Hace años, los clochards vinosos abundaban y eran personajes urbanos típicos, y los maderos, enfundados en buzos para no empiojarse, los sacaban a rastras de algunas estaciones del metro donde se guarecían. Ahora abundan los sin techo o los sin domicilio fijo, gente que tiene todas sus pertenencias en la calle, debajo de unos plásticos, y vive en ella, practicando una mendicidad pasiva. El metro está protegido por tipos patibularios, capaces de cualquier cosa y a la que el brazalete de seguridad concede impunidad. Hombres y mujeres, jóvenes y viejos, de nacionalidades ramillete, que frecuentan los albergues nocturnos que no dan abasto y piden un ticket restaurante, que tal vez usen o tal vez vendan, que también es un uso. No todos son, ni mucho menos, gitanos rumanos. La otra noche me tropecé con uno, joven, que estaba estudiando, arrebujado en un portal.

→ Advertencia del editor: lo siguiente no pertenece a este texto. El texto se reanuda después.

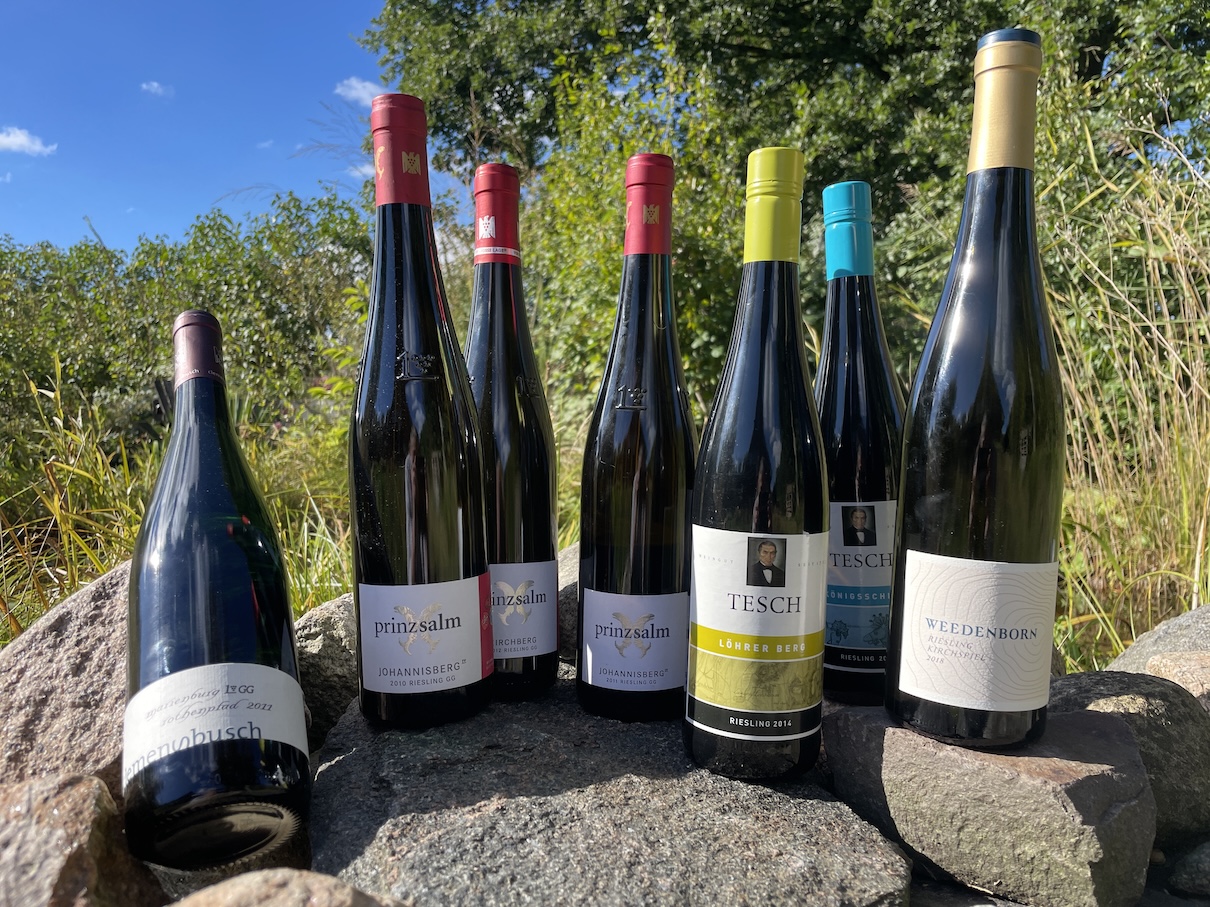 Verschiedene Weinflaschen sind auf Steinen und Findlingen aufgestellt.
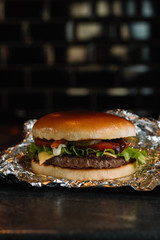 Tasty grilled homemade burger with beef, tomato, cheese, cucumber and lettuce. Delicious grilled burgers. Craft beef burger and french fries on wooden table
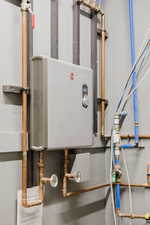 Utility room featuring water heater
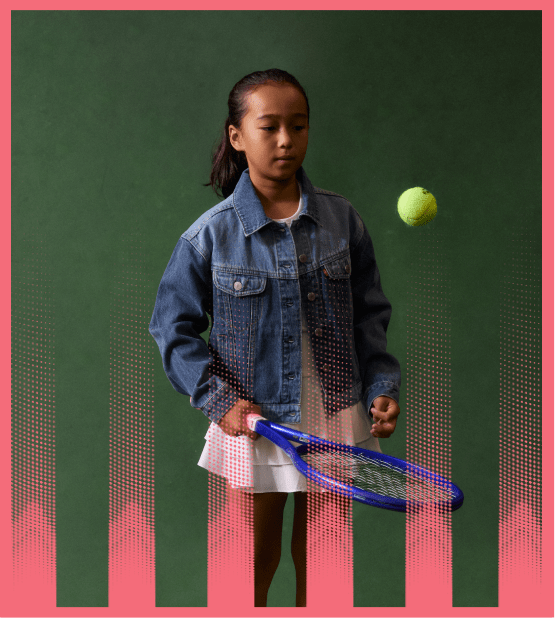 Young girl in a denim jacket playing tennis with a green tennis ball in mid-air.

El sábado pasado asistí a una escena que me hizo reflexionar acerca de que una cosa son nuestros discursos y otra lo que sucede a nuestra espalda cuando nos vamos de escena; realidad ésta en la que no queremos entrar porque ya hemos cumplido. Siempre se trata de nosotros mismos, de nuestra tranquilidad de conciencia. Nunca o casi nunca de ellos, de los desasistidos. En la estación de Barbés había un grupo muy numeroso de personas en relativo silencio, componían una apretada y larga fila, en realidad formaban un pasillo, flanqueado sobre todo por mujeres, no todas gitanas rumanas, con pequeñas maletas o bolsos chinos que ofrecían la misma mercancía: quesos de porción, tallarines o espaguetis, latas de sardinas, sopas… Estaban vendiendo lo que les dan en los comedores de caridad, benévolos o bancos de alimentos, y aún había gente que iba a comprar al mejor precio, y encima regateaba.